_Directions for this task_
Filter out every line below that lacks "Luaran", and copy the rest.
========================================
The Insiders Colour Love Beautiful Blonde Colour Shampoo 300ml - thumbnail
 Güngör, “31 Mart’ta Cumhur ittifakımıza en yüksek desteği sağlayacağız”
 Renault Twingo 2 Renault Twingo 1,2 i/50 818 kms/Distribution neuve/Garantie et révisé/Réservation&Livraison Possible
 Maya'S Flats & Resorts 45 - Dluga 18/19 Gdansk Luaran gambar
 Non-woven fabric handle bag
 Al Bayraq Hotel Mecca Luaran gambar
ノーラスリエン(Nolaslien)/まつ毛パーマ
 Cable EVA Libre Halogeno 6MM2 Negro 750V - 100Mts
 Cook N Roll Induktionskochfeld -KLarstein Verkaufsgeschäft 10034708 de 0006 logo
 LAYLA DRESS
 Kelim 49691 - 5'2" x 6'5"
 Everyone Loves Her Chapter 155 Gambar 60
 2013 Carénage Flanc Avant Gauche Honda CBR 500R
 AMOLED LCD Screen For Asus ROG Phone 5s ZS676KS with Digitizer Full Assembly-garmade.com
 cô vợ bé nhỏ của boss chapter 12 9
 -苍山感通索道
========================================
_Reply_
 Maya'S Flats & Resorts 45 - Dluga 18/19 Gdansk Luaran gambar
 Al Bayraq Hotel Mecca Luaran gambar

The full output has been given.